The first thing kids get right is that they ask actual questions.

That may seem obvious, but we’ve all been the recipient of the, “don’t you think that…” or, “are you really going to….” These and their slithery ilk aren’t questions. They are commands, pleas, or outright statements in sheep’s clothing. They have no safe answers, and the asker isn’t all that interested in the response. The questioning tone and form is only there to soften and disguise the statement’s true intent, keeping the speaker from recrimination.

Where you can, keep your questioning tone reserved for real questions — the kind where you care about the other person’s thoughts. If you have an opinion to share or want to issue a decree, do it plainly, without hiding behind an interrogative tone.

Cooperate. Don’t Compete.

Kid’s aren’t asking questions to prove they know the answer or to prove that you don’t.

They are deeply curious and want a partner as interested as they are. Their questions aren’t in competition for the “best”, and they aren’t leading their fellows down the primrose path to a conclusion they came to long ago.

If you want to ask a question, take a moment to think about whether you are asking for the right reasons. Ask to satisfy your curiosity or because you legitimately hope the answer (or the journey towards it) will help the entire group. Don’t ask questions designed to make other people feel small or caught out.

Ask Open-ended Questions

Sometimes kids only want to know if they can watch TV right now, to which the answer is either yes or no — a closed-ended question. More often, they want to know why, how, and what, which hallmark open-ended questions. Open-ended questions are an invitation. They invite a person to dwell on and own their answer. They elicit broader, more productive responses that seed follow-up questions of their own. Closed-end queries, in contrast, force the conversation into a tight U-turn. The person answering has little choice but to hand the baton directly back to their inquisitor.

Ask more open than close-ended questions.

There are cases where you need a crisp, constrained answer, but delivering too many close-ended questions in a row can feel one-sided and adversarial. Leave room in your questions, even the simpler ones, for interpretation and elaboration; you may be surprised at what you learn.

Let People In On What You Want

“Clever” folk believe they understand 95% of the world and only occasionally need minor input from the rest of us to figure out the last 5%. That leads them to ask things like, “am I heading West?” of a passerby when what they mean is, “how do I get to the market from here?”

In business settings, this can lead to lengthy and confusing question journeys for everyone at the table as the clever person chases their assumptions without letting the world around them in on the goal. Sadly, unlike the friendly pedestrian, coworkers don’t have a good excuse to move on.

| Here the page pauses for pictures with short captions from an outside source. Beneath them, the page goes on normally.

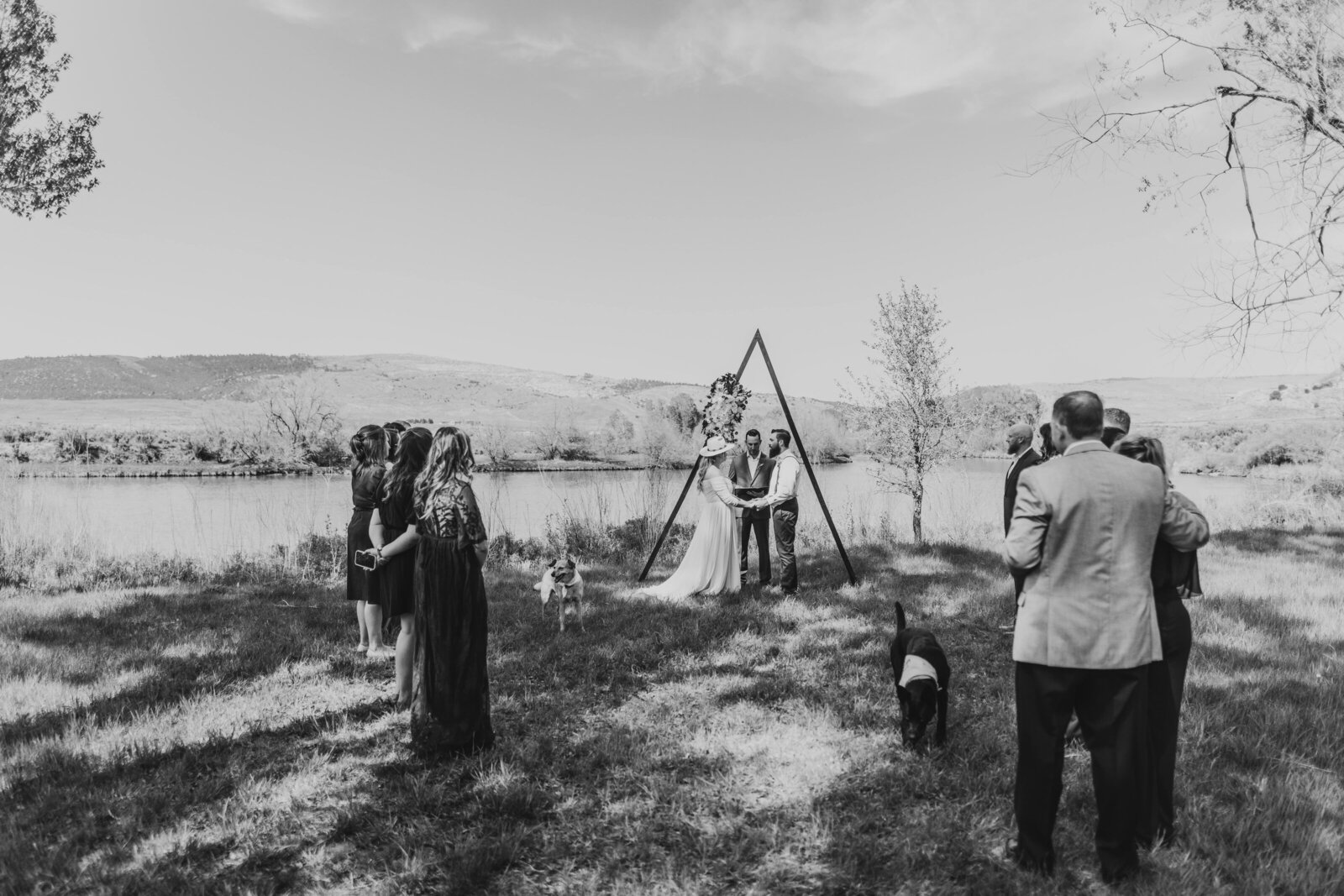 landscape shot of ceremony along river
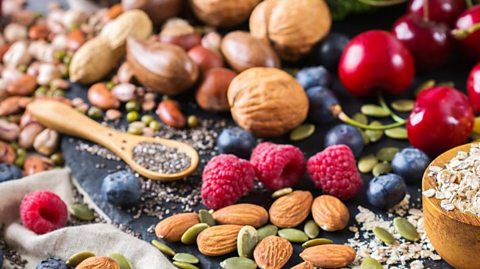 Sugary foods won’t cheer you up Nuts and fruit for snacking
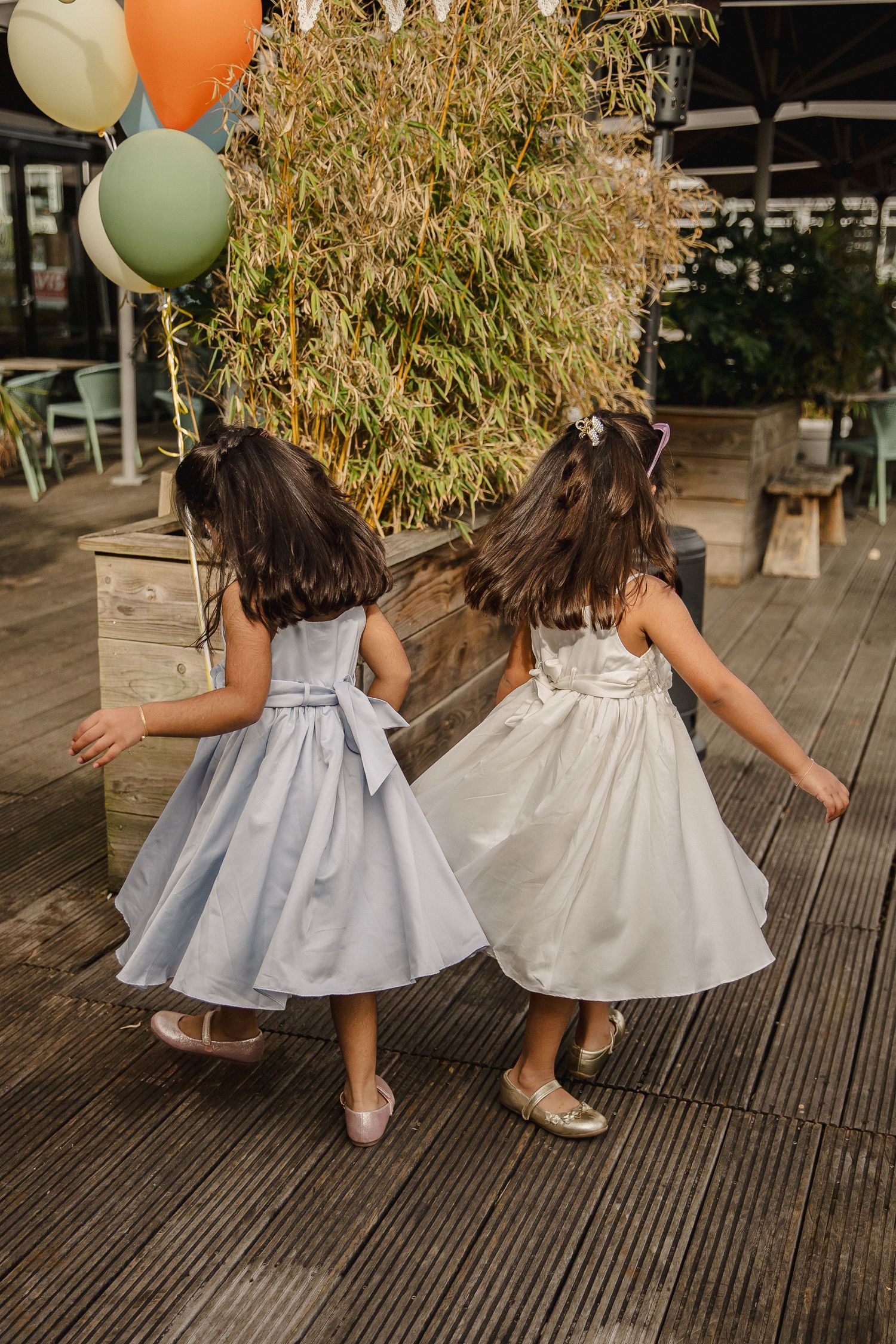Two little girls in light blue and white party dresses twirl on a wooden deck beside pastel balloons and a tall planter.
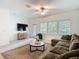 Open-concept living room with natural light, a comfortable sectional sofa, and a large area rug at 4567 Tuscan Loon Dr, Tampa, FL 33619
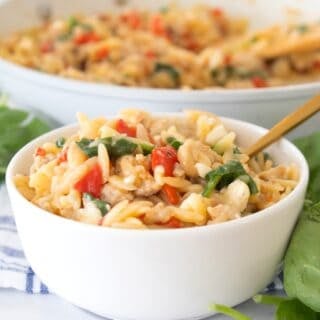 tuscan orzo in a white bowl with a skillet in the background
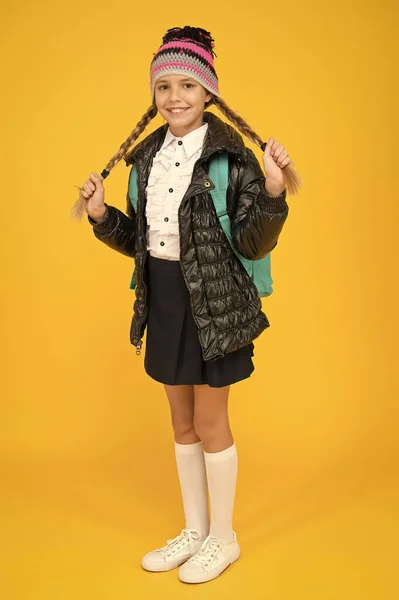 Fashion concept. Warm clothing. Buy clothes for school season. Schoolgirl fashion outfit. Fall autumn winter. Child with backpack. Fashion shop. Girl wear knitted hat and jacket yellow background — Stok fotoğraf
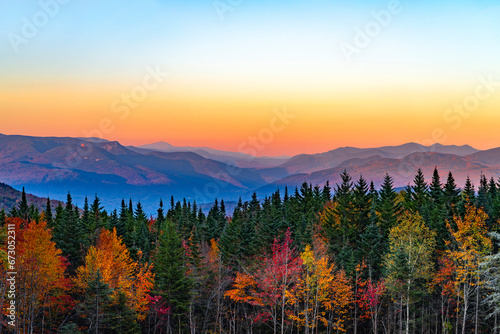 landscape of autumn mountain forest and mountain range in mist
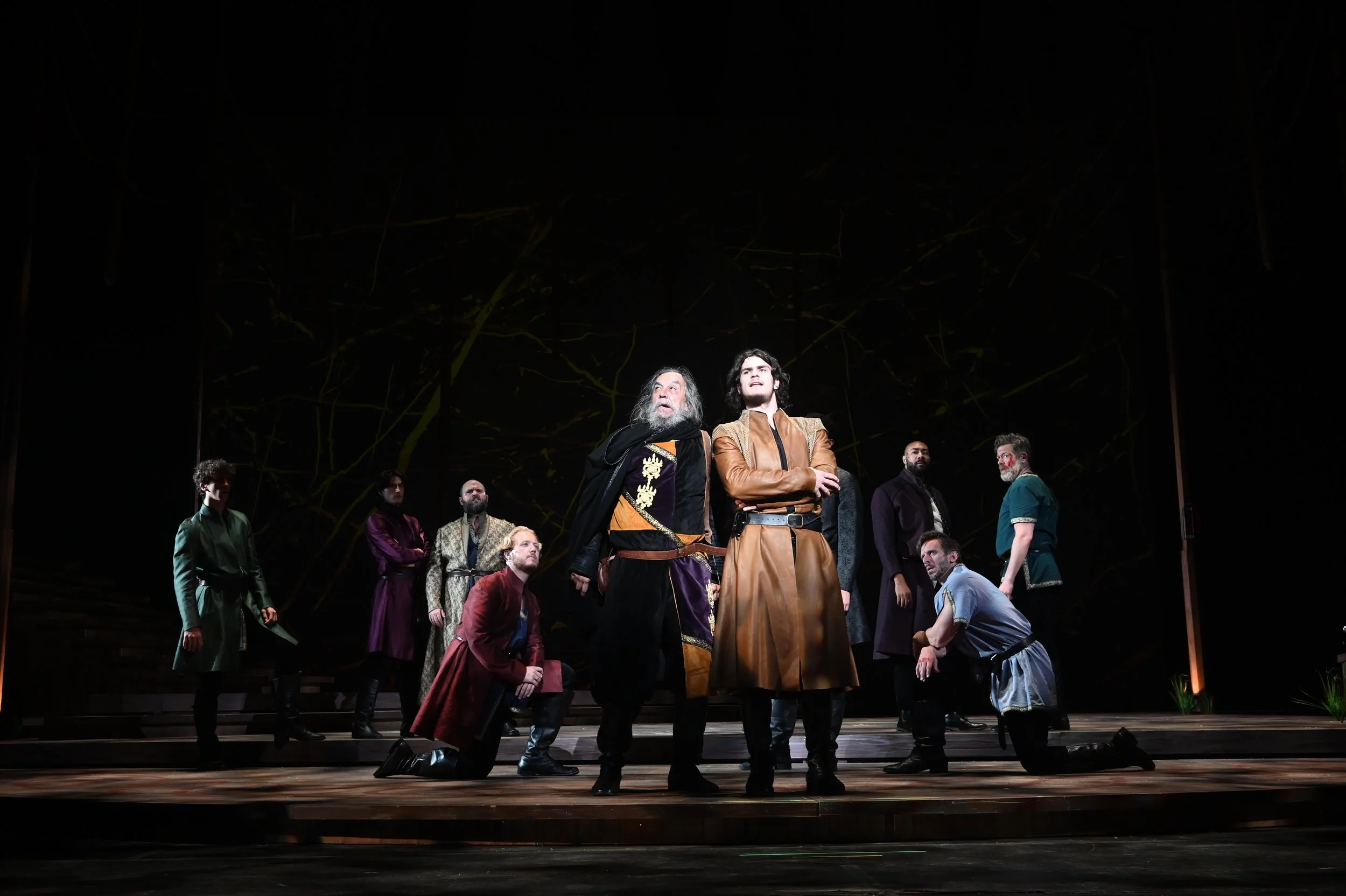 A theatrical stage with nine actors in historical costumes, with two individuals in the foreground and seven behind them, under a dark backdrop with abstract yellow-green lines.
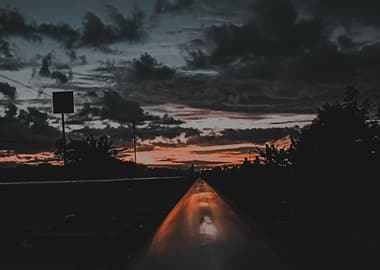 road and dark clouds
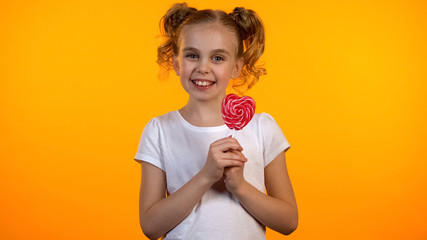 Pretty candy girl holding heart-shaped lollipop and smiling to camera, happiness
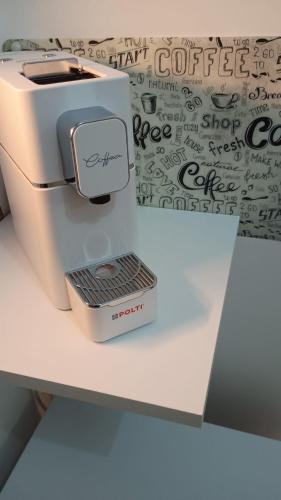 a white sewing machine sitting on top of a counter at Nido Flegreo in Pozzuoli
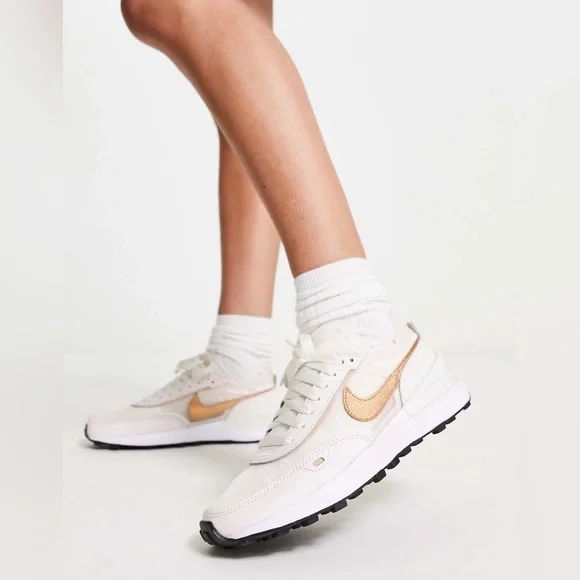 Nike Women's Sneakers in White with Metallic Rose Gold Swoosh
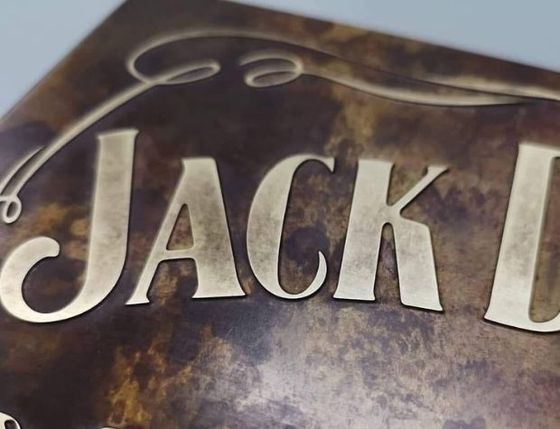 Deep etched metal sign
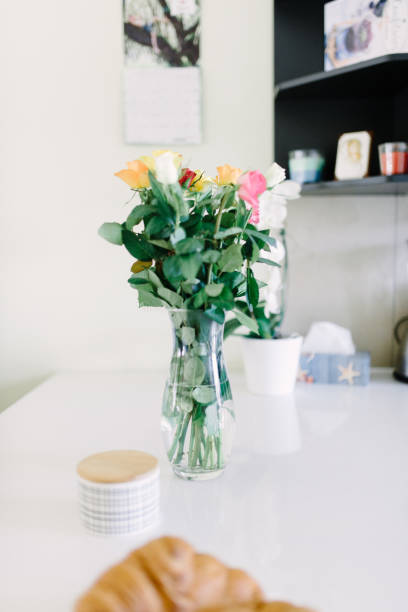 istock Beautiful pink peony flowers on white table with copy space for your text top view and flat lay style 1140098176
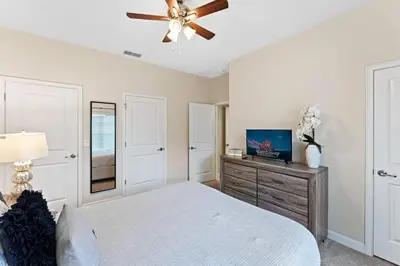 a bedroom with a bed and a ceiling fan at Disney Getaway Private Pool Themed Bedrooms. Book Now SLR505 in Kissimmee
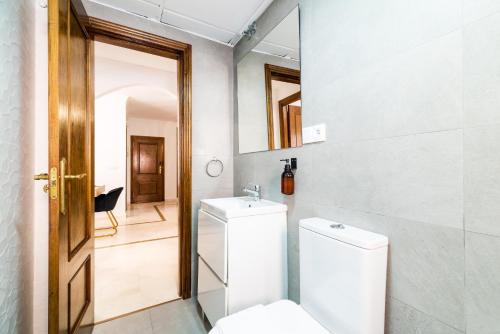 une salle de bain avec toilettes, lavabo et miroir dans l'établissement Wekey Homes Granada, El encanto de Navas Centro, à Grenade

Children (bless them) are not usually afflicted with knowing that they are clever, which leads them to ask directly about the thing they want to know.

Follow their example and don’t blithely assume your questions are on the right track. Clue the other side into your assumptions and aims.

Ask Lots Of Questions

Everyone knows children never ask only one question. They ask one after another until their little throats are sore and everyone around them is desperate for rest.

You shouldn’t carry things to the same extreme, but the direction of more is generally fruitful.

Stay in a questioning mode a little longer than feels comfortable, and avoid rushing to a decision the moment one feels available. If nothing else, ask, “what haven’t we asked?” before committing.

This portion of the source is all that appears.